En nuestra Semana Santa hay dos días y dos procesiones que marcan con caracteres de singularidad los valores que el conjunto de la semana significa.

Silencio en la entrega generosa ante el sufrimiento, el infortunio o la traición, silencio ante esa ruptura de la vida por el engaño o la venganza. Silencio cuando el acoso o la revancha llegan detrás de lo que uno siente, cree o practica y lleva dentro. Ese silencio que constituye la carga más pesada porque nos convierte en único depositario. Silencio ante el dolor que nos invade y nos azota y, como tal, ese silencio obligado y constante ante las aventuras de la lengua o las audacias del pensamiento. Ese eterno silencio que nos define y nos abruma a veces sin piedad, pero nos salva.

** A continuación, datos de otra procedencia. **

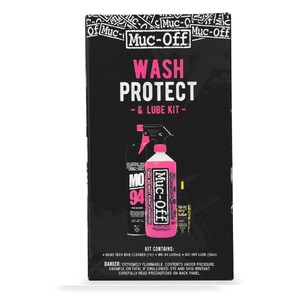 MCF Kit Clean/Protect/Lube - Dry (5)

Nos separamos del silencio y quedamos con la Soledad del Sábado Santo. La imagen de una madre que nos muestra toda esa carga sentimental que la persigue, la agota y la despedaza. Y sin embargo, mantiene la entereza y la cercanía de su ejemplo y de su generosidad.

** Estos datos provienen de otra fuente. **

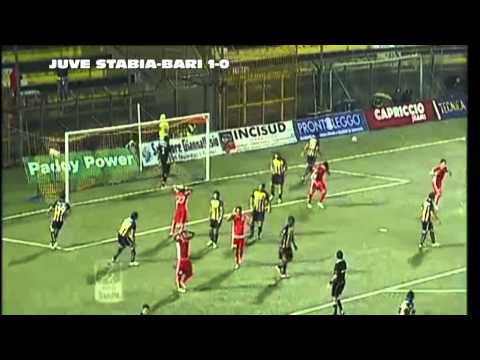 Sintesi: Juve Stabia-Bari 2-1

La soledad de aquella madre que nos vela y reconforta como ejemplo, nos ha dejado en la soledad del ser humano una constante referencia muy clara y ponderada a la vez, una referencia permanente de ejemplo y ayuda si la fe te acompaña.

La soledad es en la vida esa tortura que nos persigue a veces y nos alcanza algunas de ellas, un suplicio del que solo se sale imponiéndose a sí mismo esas dedicaciones o estudios con una entrega total y constante. De lo contrario nuestra derrota será definitiva.

El Silencio y la Soledad dos ídolos de nuestra Semana Santa y dos cuestiones vitales en nuestro diario vivir y ambos están tan dentro de nuestro yo que hemos de ser muy discretos con el primero y estar muy atentos ante la segunda para no abandonarnos al primer susto o sorpresa.